The abnormal pancreatic function tests and increased tumor markers that occur with carcinoma of the body of the pancreas may be evident.

   Laboratory Findings

Core laboratory
: Serum bilirubin is increased (12–25 mg/dL), mostly conjugated (increase persistent and nonfluctuating). Serum ALP is increased. Both urine and stool urobilinogen are absent. Increased serum cholesterol (usually >300 mg/dL) with esters not decreased. Other liver function tests are usually normal. See Serum Glycoprotein 2.

Hematology
: Increased prothrombin time (PT); normal after IV vitamin K administration.

Other
: Secretin–cholecystokinin stimulation evidences duct obstruction when duodenal intubation shows decreased volume of duodenal contents (<10 mL/10-minute collection period) with usually normal bicarbonate and enzyme levels in duodenal contents. Acinar destruction (as in pancreatitis) shows normal volume (20–30 mL/10-minute collection period), but bicarbonate and enzyme levels may be decreased. Abnormal volume, bicarbonate, or both are found in 60–80% of patients with pancreatitis or cancer. In carcinoma, the test result depends on the relative extent and combination of acinar destruction and of duct obstruction.

Histology
: Cytologic examination of duodenal contents shows malignant cells in 40% of patients. Malignant cells may be found in up to 80% of patients with periampullary cancer.

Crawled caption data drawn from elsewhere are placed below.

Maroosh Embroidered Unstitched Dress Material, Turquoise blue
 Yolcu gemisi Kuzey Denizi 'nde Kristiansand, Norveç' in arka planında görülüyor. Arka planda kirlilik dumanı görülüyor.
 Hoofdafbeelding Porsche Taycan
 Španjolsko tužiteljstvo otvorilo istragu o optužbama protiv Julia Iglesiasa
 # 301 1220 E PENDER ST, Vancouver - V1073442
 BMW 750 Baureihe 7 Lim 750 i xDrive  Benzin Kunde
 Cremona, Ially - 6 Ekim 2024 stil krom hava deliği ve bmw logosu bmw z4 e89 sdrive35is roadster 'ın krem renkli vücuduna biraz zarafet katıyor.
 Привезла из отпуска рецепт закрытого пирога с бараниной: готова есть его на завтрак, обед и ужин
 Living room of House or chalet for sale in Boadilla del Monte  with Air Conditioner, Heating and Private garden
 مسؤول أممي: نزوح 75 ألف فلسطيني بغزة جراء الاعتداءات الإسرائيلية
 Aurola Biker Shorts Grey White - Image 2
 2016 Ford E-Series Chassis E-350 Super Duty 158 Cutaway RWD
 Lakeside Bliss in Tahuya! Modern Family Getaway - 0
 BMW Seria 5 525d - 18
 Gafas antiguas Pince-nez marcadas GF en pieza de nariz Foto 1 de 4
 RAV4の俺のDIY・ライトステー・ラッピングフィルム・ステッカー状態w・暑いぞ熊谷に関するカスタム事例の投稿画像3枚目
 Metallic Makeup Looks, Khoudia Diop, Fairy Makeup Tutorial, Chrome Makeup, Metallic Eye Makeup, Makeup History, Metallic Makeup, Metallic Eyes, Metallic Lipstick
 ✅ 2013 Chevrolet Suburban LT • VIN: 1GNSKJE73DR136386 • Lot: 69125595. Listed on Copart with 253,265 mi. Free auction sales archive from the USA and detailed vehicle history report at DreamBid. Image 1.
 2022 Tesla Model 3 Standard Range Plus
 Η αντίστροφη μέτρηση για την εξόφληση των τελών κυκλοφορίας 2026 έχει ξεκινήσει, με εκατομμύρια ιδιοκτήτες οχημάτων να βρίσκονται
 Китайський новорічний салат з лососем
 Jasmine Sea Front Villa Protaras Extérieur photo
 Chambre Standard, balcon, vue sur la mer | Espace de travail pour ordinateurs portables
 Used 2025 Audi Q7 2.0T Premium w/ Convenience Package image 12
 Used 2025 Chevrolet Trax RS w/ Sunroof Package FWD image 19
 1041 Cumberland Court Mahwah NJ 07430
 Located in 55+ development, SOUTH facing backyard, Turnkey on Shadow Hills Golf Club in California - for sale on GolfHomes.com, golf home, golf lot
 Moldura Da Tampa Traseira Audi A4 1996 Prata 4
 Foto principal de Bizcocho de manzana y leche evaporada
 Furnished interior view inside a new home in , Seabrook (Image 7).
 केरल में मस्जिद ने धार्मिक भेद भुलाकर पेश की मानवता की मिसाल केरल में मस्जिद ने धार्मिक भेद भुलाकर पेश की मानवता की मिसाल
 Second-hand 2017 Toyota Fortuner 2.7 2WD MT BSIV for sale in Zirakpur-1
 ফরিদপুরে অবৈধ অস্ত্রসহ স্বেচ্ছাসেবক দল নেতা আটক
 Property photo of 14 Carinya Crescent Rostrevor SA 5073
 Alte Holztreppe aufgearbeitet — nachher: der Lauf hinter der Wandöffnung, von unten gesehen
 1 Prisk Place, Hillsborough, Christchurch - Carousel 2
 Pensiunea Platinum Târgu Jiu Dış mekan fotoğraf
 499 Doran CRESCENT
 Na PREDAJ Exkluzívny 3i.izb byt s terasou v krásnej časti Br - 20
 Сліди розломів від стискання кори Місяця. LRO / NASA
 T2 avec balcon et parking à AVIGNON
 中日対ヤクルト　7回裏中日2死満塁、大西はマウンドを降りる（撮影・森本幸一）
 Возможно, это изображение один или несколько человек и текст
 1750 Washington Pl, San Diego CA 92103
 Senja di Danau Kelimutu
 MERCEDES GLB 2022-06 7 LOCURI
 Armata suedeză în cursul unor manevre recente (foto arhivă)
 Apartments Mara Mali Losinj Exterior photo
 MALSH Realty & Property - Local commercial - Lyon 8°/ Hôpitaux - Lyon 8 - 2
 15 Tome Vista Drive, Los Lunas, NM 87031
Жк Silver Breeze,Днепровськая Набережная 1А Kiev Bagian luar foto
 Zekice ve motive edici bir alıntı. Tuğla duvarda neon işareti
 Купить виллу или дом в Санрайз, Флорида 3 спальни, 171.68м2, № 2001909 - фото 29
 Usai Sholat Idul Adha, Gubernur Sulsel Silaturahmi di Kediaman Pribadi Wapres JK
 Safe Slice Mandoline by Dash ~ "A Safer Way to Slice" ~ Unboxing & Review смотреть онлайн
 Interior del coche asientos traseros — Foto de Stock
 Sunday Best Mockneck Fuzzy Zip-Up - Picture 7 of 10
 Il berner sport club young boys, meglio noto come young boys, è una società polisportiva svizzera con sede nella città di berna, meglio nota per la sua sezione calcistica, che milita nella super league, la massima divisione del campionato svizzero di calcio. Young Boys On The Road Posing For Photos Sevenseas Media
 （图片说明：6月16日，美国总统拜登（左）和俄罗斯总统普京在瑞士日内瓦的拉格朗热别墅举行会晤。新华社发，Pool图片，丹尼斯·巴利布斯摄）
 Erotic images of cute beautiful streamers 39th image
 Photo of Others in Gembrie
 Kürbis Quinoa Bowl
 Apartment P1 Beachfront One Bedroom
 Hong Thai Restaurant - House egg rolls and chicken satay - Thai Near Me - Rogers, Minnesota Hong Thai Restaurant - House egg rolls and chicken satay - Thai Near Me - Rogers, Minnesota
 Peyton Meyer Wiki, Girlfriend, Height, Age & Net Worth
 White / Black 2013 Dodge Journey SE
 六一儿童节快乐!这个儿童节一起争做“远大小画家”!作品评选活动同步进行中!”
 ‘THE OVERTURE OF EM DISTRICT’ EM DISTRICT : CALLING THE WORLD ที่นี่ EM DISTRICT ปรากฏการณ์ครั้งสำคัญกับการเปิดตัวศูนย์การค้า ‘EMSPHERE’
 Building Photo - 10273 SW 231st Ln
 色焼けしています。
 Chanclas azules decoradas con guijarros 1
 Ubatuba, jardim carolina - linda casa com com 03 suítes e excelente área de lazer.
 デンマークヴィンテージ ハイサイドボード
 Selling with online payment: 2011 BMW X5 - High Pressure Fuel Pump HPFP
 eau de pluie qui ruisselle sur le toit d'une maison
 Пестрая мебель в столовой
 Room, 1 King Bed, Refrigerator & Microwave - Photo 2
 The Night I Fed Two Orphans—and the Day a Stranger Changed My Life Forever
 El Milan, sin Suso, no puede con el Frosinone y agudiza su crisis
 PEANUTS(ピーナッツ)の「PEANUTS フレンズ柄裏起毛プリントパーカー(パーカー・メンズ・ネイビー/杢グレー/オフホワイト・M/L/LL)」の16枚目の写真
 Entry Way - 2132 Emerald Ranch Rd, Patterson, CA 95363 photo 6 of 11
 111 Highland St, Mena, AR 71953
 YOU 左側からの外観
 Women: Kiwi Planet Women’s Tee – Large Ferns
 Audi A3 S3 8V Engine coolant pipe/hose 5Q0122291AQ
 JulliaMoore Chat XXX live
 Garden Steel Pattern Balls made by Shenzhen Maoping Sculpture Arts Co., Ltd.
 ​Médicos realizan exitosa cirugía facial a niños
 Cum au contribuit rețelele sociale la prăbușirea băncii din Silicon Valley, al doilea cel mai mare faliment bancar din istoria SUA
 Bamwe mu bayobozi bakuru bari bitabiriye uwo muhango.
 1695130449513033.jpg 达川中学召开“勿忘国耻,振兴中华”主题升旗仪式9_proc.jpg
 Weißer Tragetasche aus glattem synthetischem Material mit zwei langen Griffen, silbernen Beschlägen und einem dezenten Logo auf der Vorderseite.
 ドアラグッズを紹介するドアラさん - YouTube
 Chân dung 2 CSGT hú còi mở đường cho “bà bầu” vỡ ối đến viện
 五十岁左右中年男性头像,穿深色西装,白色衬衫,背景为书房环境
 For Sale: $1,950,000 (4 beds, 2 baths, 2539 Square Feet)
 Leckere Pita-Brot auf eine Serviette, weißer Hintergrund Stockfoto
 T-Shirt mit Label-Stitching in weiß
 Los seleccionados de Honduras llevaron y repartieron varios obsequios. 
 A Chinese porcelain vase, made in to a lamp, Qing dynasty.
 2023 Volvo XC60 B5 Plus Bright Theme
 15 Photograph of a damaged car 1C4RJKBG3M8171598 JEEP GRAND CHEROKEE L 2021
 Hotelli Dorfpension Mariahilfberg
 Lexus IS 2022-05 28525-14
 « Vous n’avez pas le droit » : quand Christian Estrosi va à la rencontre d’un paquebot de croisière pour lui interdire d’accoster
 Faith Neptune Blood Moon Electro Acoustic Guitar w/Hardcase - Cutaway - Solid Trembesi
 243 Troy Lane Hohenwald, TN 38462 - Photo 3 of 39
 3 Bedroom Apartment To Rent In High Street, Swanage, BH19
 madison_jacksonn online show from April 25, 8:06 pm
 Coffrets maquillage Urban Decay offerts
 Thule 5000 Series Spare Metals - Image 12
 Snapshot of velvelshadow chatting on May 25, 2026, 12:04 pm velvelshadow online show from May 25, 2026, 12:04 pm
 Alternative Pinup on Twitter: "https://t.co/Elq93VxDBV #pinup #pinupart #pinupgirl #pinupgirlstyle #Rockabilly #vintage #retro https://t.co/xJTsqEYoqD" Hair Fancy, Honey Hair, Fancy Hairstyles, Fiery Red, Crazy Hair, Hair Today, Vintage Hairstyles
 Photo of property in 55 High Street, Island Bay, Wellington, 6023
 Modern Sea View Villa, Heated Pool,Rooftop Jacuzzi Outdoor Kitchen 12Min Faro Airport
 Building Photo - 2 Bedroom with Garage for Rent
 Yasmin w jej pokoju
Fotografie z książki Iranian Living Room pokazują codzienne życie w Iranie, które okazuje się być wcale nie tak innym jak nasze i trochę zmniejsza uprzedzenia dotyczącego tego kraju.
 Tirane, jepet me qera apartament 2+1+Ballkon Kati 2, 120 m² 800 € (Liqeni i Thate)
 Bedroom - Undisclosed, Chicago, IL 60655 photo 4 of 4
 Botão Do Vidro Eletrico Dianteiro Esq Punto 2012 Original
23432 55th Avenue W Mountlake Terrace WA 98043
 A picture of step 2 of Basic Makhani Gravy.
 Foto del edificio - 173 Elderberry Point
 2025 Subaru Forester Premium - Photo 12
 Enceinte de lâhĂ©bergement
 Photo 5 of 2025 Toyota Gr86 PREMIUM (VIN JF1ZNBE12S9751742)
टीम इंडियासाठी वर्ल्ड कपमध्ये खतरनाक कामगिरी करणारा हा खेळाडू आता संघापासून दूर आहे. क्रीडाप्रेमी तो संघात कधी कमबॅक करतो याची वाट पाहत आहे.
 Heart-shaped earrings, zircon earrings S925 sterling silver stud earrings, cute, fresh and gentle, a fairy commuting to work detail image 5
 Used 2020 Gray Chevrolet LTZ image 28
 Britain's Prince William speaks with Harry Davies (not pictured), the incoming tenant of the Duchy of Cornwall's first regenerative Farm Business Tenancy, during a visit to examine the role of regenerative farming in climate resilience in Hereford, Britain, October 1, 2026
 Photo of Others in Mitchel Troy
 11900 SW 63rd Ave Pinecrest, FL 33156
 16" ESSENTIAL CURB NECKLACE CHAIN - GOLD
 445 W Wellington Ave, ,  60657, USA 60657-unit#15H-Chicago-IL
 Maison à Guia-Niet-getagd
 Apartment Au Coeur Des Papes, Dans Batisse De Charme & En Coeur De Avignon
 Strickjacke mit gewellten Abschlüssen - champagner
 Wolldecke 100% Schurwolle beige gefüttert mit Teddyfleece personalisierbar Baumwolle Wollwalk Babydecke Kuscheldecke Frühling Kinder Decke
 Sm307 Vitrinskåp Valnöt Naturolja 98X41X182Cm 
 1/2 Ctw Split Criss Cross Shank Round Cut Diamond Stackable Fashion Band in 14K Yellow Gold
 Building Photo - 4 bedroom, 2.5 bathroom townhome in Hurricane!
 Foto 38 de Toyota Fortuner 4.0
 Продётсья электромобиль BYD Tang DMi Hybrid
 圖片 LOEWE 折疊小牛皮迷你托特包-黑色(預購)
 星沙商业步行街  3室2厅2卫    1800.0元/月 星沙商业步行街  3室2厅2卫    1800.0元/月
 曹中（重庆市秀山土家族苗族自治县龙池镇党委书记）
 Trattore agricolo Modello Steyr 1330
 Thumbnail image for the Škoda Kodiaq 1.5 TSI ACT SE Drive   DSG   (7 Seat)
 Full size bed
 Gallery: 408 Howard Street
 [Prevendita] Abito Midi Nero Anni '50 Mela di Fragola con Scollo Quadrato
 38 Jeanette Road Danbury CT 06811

CYSTIC FIBROSIS OF THE PANCREAS

Core laboratory
: Hypochloremic metabolic alkalosis and hypokalemia. Serum protein electrophoresis shows increasing IgG and IgA with progressive pulmonary disease; IgM and IgD are not appreciably increased. Serum albumin is often decreased (because of hemodilution due to cor pulmonale; may be found before cardiac involvement is clinically apparent). Serum chloride, sodium, potassium, calcium, and phosphorus are normal unless complications occur (e.g., chronic pulmonary disease with accumulation of CO
2
; massive salt loss due to sweating may cause hyponatremia). Urine electrolytes are normal. Excessive loss of electrolytes in sweat and stool. Impaired glucose intolerance in approximately 40% of patients with glycosuria, and hyperglycemia in 8% precedes DM. Protein–calorie malnutrition, hypoproteinemia; fat malabsorption with vitamin deficiency. Stool and duodenal fluid show lack of trypsin digestion of x-ray film gelatin; useful screening test up to age 4; decreased chymotrypsin production.

Saliva findings
: Submaxillary saliva is more turbid, with increased calcium, total protein, amylase, chloride, and sodium but not potassium. These changes are not generally found in parotid saliva.

Other findings
: Overt liver disease, including cirrhosis, fatty liver, bile duct strictures, and cholelithiasis, in ≤5% of cases. Meconium ileus during early infancy. Chronic or acute and recurrent pancreatitis. Pancreatic insufficiency frequency by age 1 >90%; in adults >95%. Increased incidence of GI tract cancers. GU tract abnormalities with aspermia in 98% due to obstructive changes in the vas deferens and epididymis are confirmed by testicular biopsy.

MACROAMYLASEMIA IN VIVO ARTIFACT
   Definition

Complex of amylase with IgA, IgG, or other high molecular weight plasma proteins that cannot filter through the glomerulus due to its large size associated with no specific symptoms or disease states.

   Laboratory Findings

Core laboratory
: Serum lipase is normal; normal pancreatic-to-salivary amylase ratio. Urine amylase normal or low. Serum amylase
persistently
increased (often 1–4× normal) without apparent cause. Amylase–creatinine clearance ratio <1% with normal renal function is very useful for this diagnosis; should make the clinician suspect this diagnosis. Macroamylase is identified in serum by special gel filtration or ultracentrifugation technique.

   Limitations
   Macroamylase may be found in approximately 1% of randomly selected patients and 2.5% of persons with increased serum amylase level. Same findings may also occur in patients with normal molecular weight hyperamylasemia in which excess amylase is principally salivary gland isoamylase types 2 and 3.